To the editor:
Your Sept. 3 Guest Shot article from Transportation Minister Todd Stone outlined projects for the Cariboo Connector for the coming three years.
Unfortunately, there was no mention of any improvement for the highway as it passes through 70 Mile House. There are serious safety concerns with increased traffic flowing at high speeds through this residential area.
Over the years, I have seen many accidents in this section of highway and countless “near misses.”
For example, three different vehicles have been clipped as they tried to turn into our driveway and one more serious accident happened when a driver couldn’t stop in time, went through the ditch, and hit our friend’s vehicle after it had made a right-hand turn off the highway and was in our driveway.
There are at least 15 other driveways or roads accessing the highway in the 2.5-kilometre corridor through the community.
The corners in this stretch of highway limit visibility and drivers travelling at 100 km/h don’t have a lot of time to react when they round a corner to see a truck and horse trailer just pulling onto the highway. The shoulders are not wide and there is little room for error.
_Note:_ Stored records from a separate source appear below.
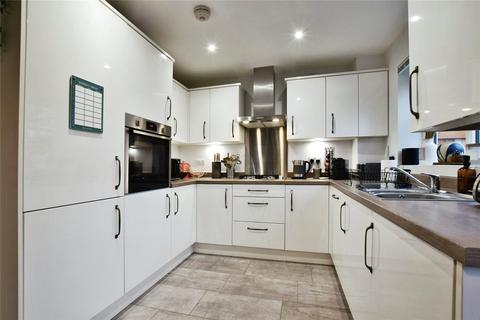 3 bedroom end of terrace house for sale, Baskerville Road, Altrincham, WA14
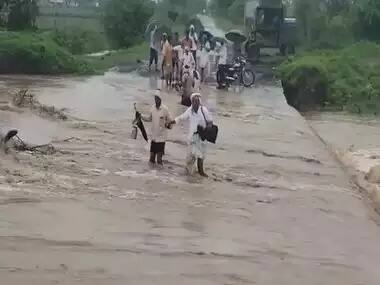 Heavy Rains In Hingoli Districts Flood River Lot Of Water In Farm Land Hingoli Rain : हिंगोली जिल्ह्यात मुसळधार पाऊस, ओढ्याचे पाणी रस्त्यावरून वाहत असल्याने वाई बोल्डा मार्ग बंद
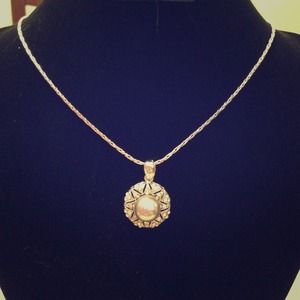 Stunning Silver Pearl and Rhinestone Necklace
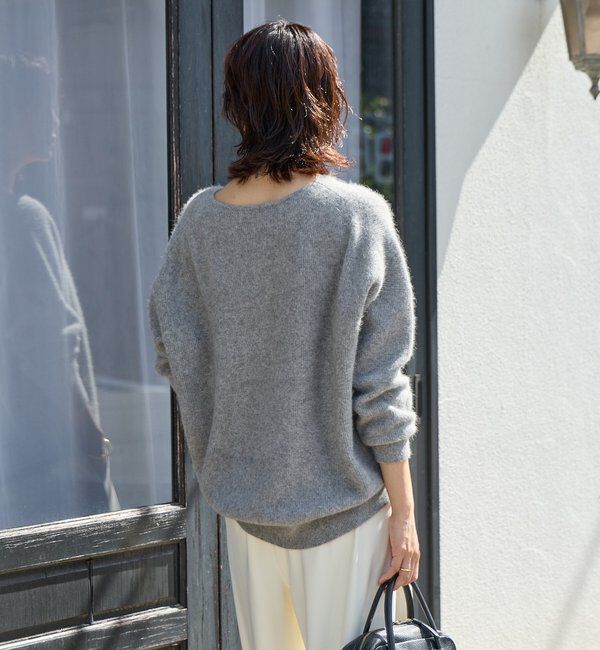  「【抜け感シルエット】ヘアリーウール片畦Vネックニット」|ニット・セーター|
Apparently, most of the many accidents in this corridor have not been attributed to “speed.” However, a reduced speed may reduce the frequency of accidents caused by “without due care and attention” or “following too close.” It would at least give drivers more time to react when they see an obstruction and would add only 35 seconds to their total travel time.
The transportation ministry has put up signs to indicate the need to watch for local traffic and suggests reducing speed to a maximum of 70 km/h through the community. I appreciate that some have taken this suggestion to heart, but it needs to be regulated for others.
The four-laning makes it safer to pass slow vehicles on the open road, but I would like to see the ministry carefully address safe travel through communities with 70 Mile House being a case in point.